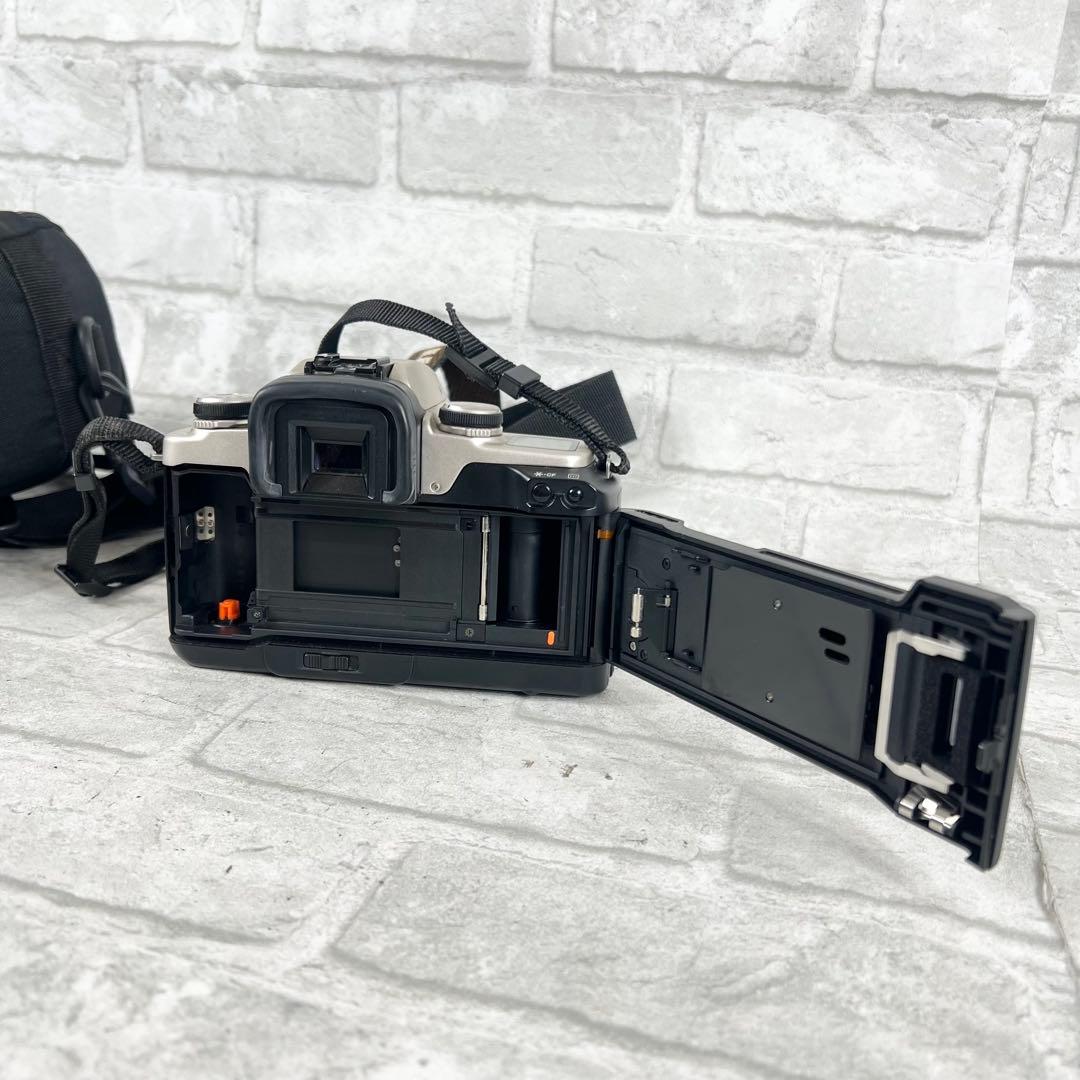 Canon EOS55 レンズセット フィルムカメラ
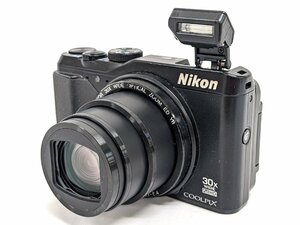 Nikon ニコン COOLPIX クールピクス S9900 1600万画素 光学30倍 コンデジ 2015年モデル ※ジャンク《U8576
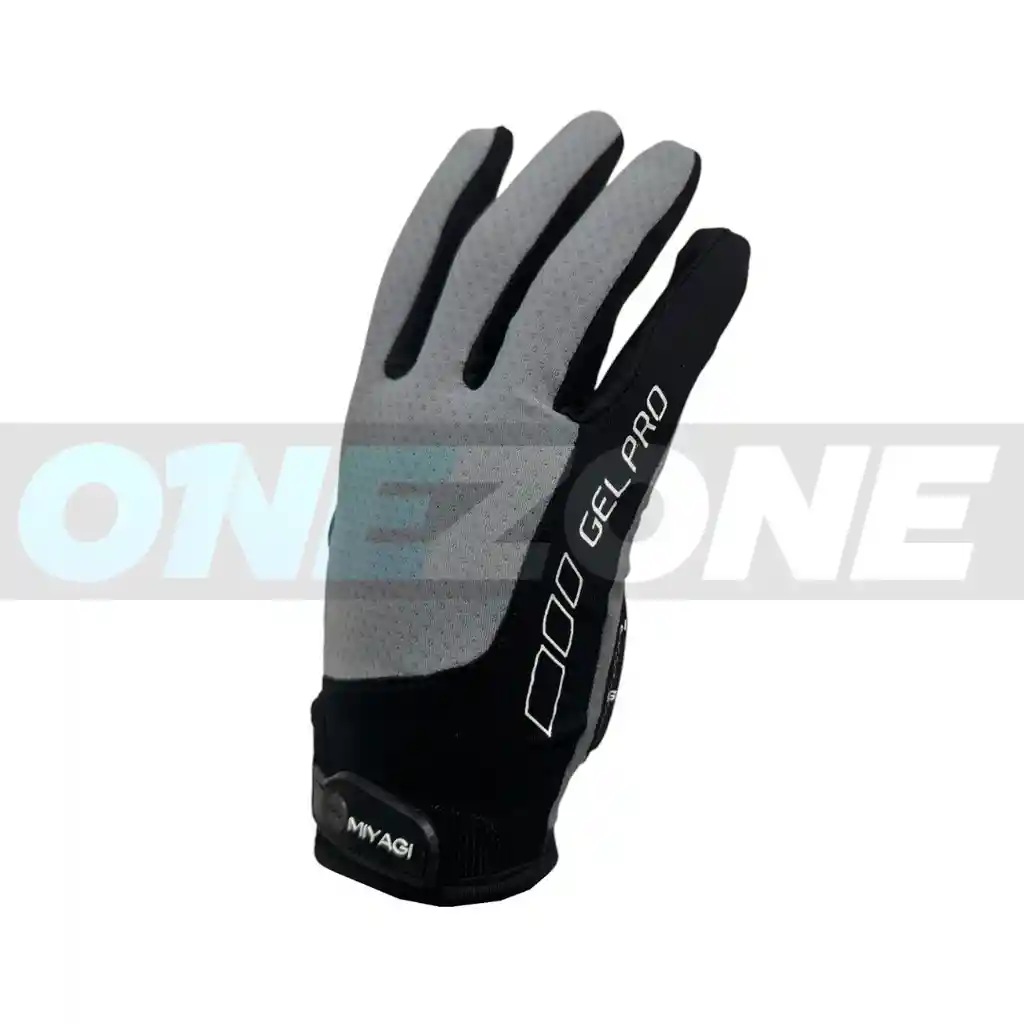 Guantes Miyagi Ciclismo, Fitness, Gym, Training, M051777/ Gris-talla: M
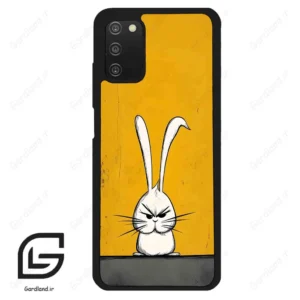 قاب گوشی سامسونگ ای 03 اس (Galaxy A03S ) طرح خرگوش کد 2579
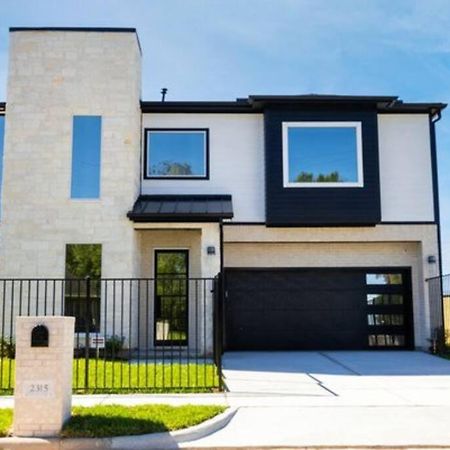 Cute Cozy House Close To Major Sporting Events And Restaurants 休斯敦 外观 照片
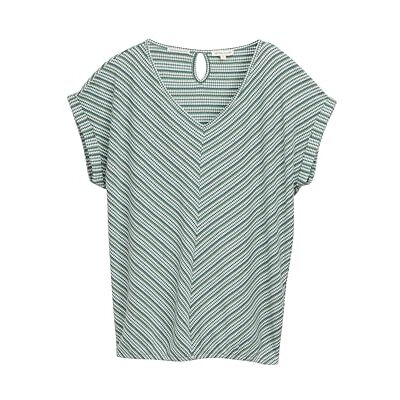 TOM TAILOR Damen T-Shirt TOM TAILOR Damen T-Shirt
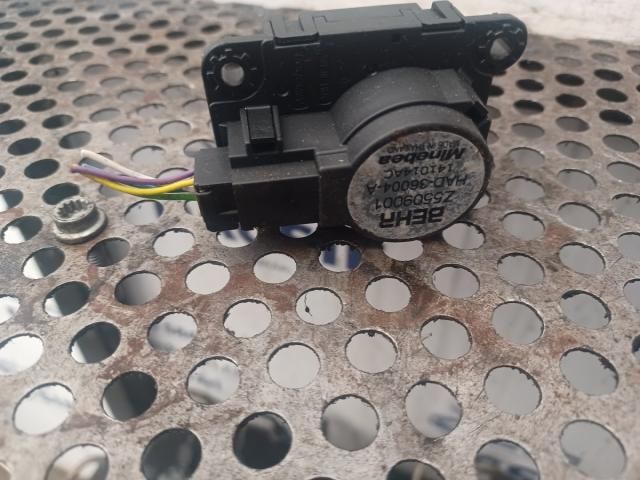 bontott CITROËN DS3 Fűtés Állító Motor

### TASK ITEM
Each line of the listing above must be given again exactly; the pictures are to be left out.

### EXERCISE SOLUTION
 Canon EOS55 レンズセット フィルムカメラ
 Nikon ニコン COOLPIX クールピクス S9900 1600万画素 光学30倍 コンデジ 2015年モデル ※ジャンク《U8576
 Guantes Miyagi Ciclismo, Fitness, Gym, Training, M051777/ Gris-talla: M
 قاب گوشی سامسونگ ای 03 اس (Galaxy A03S ) طرح خرگوش کد 2579
 Cute Cozy House Close To Major Sporting Events And Restaurants 休斯敦 外观 照片
 TOM TAILOR Damen T-Shirt TOM TAILOR Damen T-Shirt
 bontott CITROËN DS3 Fűtés Állító Motor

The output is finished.